Nathaniel Godolphin Burslem VC (2 February 1837 – 14 July 1865), born in Limerick, Ireland; was by birth both Irish and by descent English recipient of the Victoria Cross, the highest and most prestigious award for gallantry in the face of the enemy that can be awarded to British and Commonwealth forces.

History and career 
Burslem was born 2 February 1836 in County Limerick, Ireland, the son of George James Burslem of the 94th Regiment of Foot and Susan (née Vokes), of Limerick (married Dublin 15 March 1836). His father was English, and traced his family back to the town of Burslem in Staffordshire. His grandfather was Colonel Nathaniel Godolphin Burslem who was awarded the Gold Medal - the forerunner of the VC Medal. 

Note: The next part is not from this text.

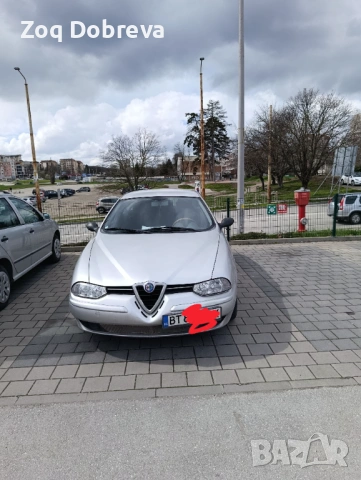 Продавам Алфа Ромео Sportwagon 1,9 jtd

On 21 August 1860 at the Taku Forts, China, during the Second China War Lieutenant Burslem, then aged 24 and serving in the 67th Regiment of Foot, British Army, and Private Thomas Lane of his regiment displayed great gallantry for which they were both awarded the VC. They swam the ditches of the North Taku Fort and attempted, during the assault and before an entrance had been effected by anyone, to enlarge an opening in the wall, through which they eventually entered. In doing so, they were both severely wounded.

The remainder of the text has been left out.